Santa Maria

  • Barreiro da Faneca, auch als "rote Wüste" bekannt, durch den Lehm von pyroklastischen Gesteinen verkörpert gebildet
  • Cascata do Aveiro, einen beeindruckenden Wasserfall mit 110 Metern
  • Ribeira de Maloás, Wasserfall mit 20 Meter, nach eine prismatische Disjunktion

Natur

Die Sonneninsel

Santa Maria ist die am südöstlichsten gelegene Insel des Archipels. Hier herrscht ein warmes und trockenes Klima. Die jährlichen Niederschläge sind auf Santa Maria geringer als auf den anderen Inseln des azorischen Archipels. Der Trockenheit wegen überwiegen in der Natur die Gelbtöne. Santa Maria wird auch Insel der Sonne genannt.

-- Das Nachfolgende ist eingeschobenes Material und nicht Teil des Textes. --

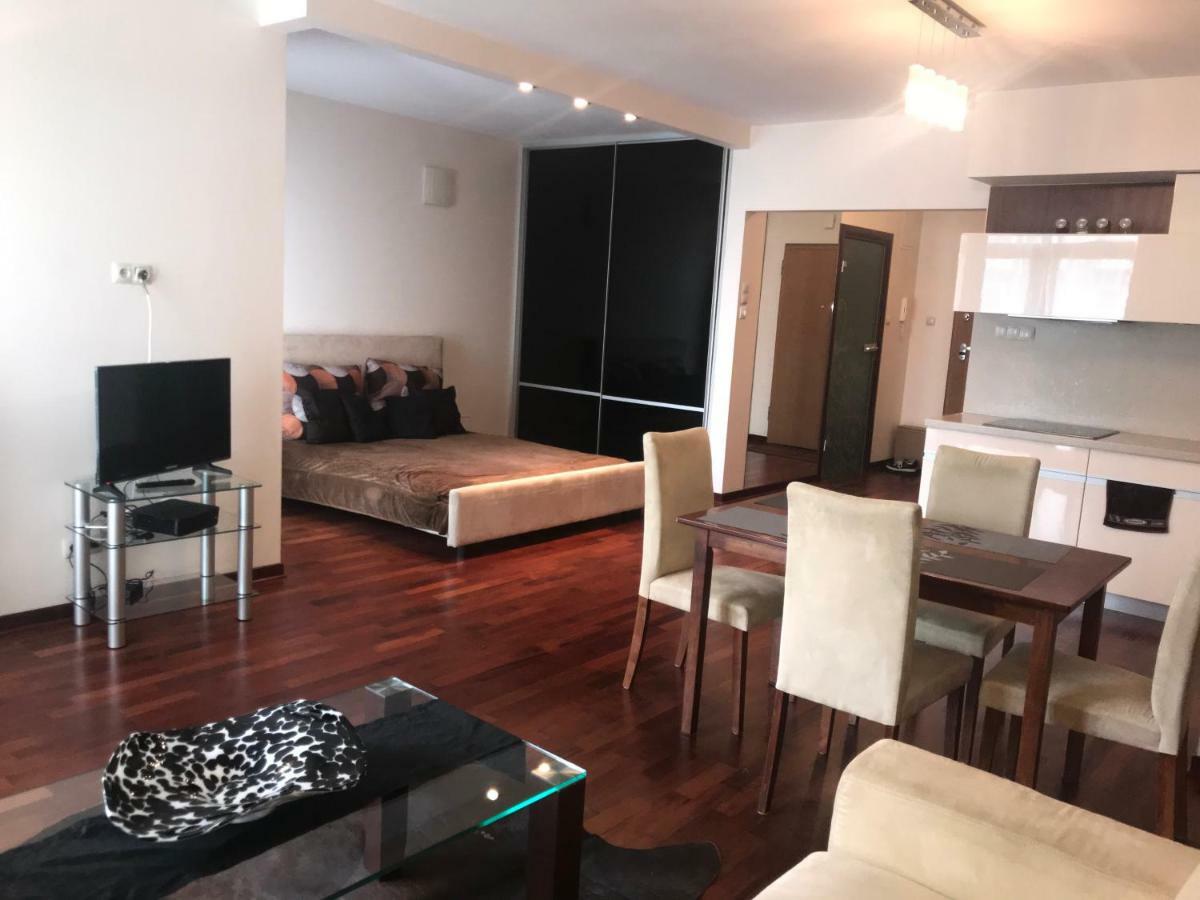 Apartament Gdanski وارسو المظهر الخارجي الصورة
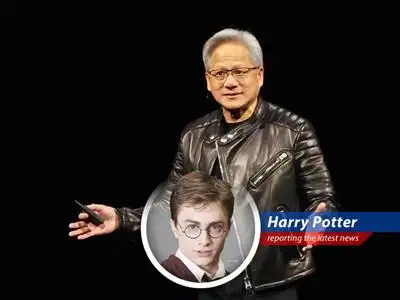 Nvidia CEO Jensen Huang finally gets a pay bump after a decade, but is it enough to buy a Firebolt these days? image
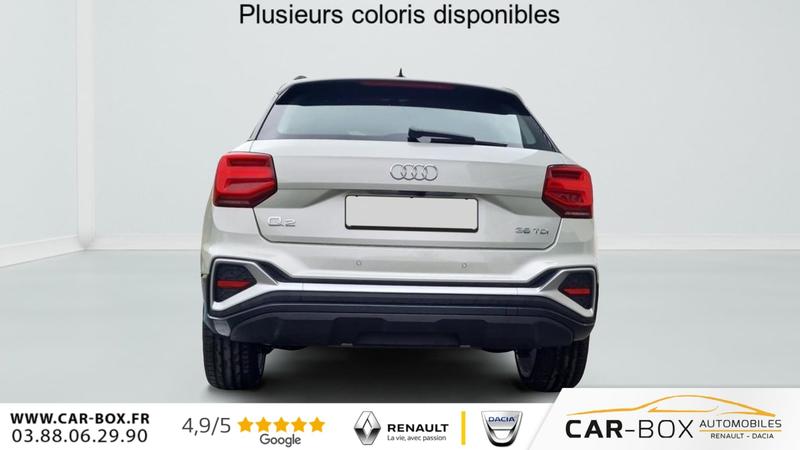 Audi Q2 35 Tfsi 150 s tronic 7 s line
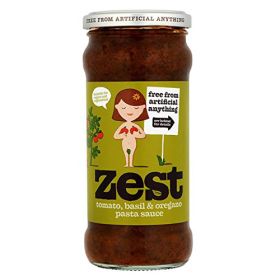 Basil & Oregano Pasta Sauce 6x355g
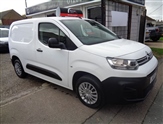 Used Citroen Berlingo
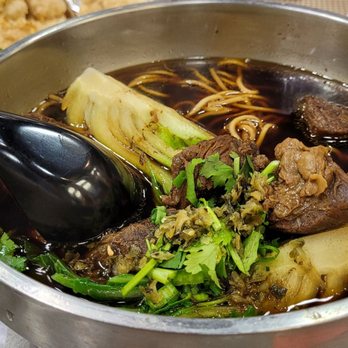 Imperial Feast - Beef Noodle Soup - Taiwanese Near Me - Plano, Texas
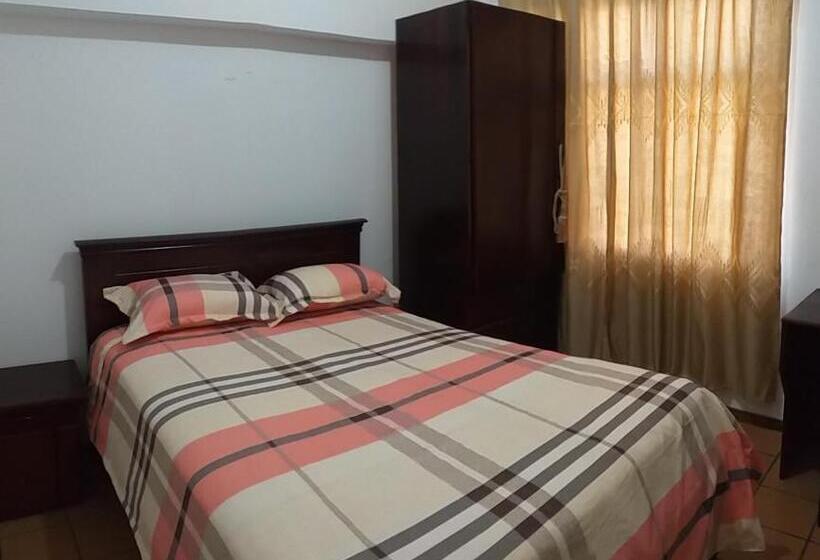 酒店 Casa Del Peregrino Santo Thomas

Die Insel kann in zwei unterschiedliche Gebiete geteilt werden. Der Westen der Insel ist flach und trocken. Hier befindet sich der Flughafen und die Stadt Vila do Porto. Die östliche Seite der  Insel ist gebirgig und von üppiger Vegetation bedeckt. Hier liegt der « Pico Alto».

Santa Maria wurde als erste Insel entdeckt und besiedelt und ist geologisch gesehen die älteste Insel, die vor circa zehn Millionen Jahren aus den Tiefen des Ozeans auftauchte.

Vulkanlandschaften

Aufgrund der geologischen und klimatischen Gegebenheiten haben sich auf Santa Maria die so genannten «Barreiros» gebildet: Es sind  in Rot- und Gelbtönen leuchtende Lehmablagerungen. Der «Barreiro da Faneca» ist als rote Wüste bekannt und bezaubert mit seiner sanft welligen Landschaft so manchen Besucher.

Am Pico Vermelho liegt der «Poço da Pedreira» (alter Steinbruch). In früheren Zeiten haben die Einwohner von Santa Maria dort ihre Steine gebrochen.

Die älteste geologische Formation von Santa Maria und damit des gesamten azorischen Archipels befindet sich in der Bucht «Baía dos Cabrestantes»: eine kleine Reihe von gelblichen Unterwasser-Tuffkegeln.

Die Vielfalt der Gesteinsformen und Basaltsäulen, die vor Jahrtausenden aus Lavaströmen gebildet wurden, vor allem aber die «Bordões de lava» erinnern an den «Giant’s Causeway» in Irland.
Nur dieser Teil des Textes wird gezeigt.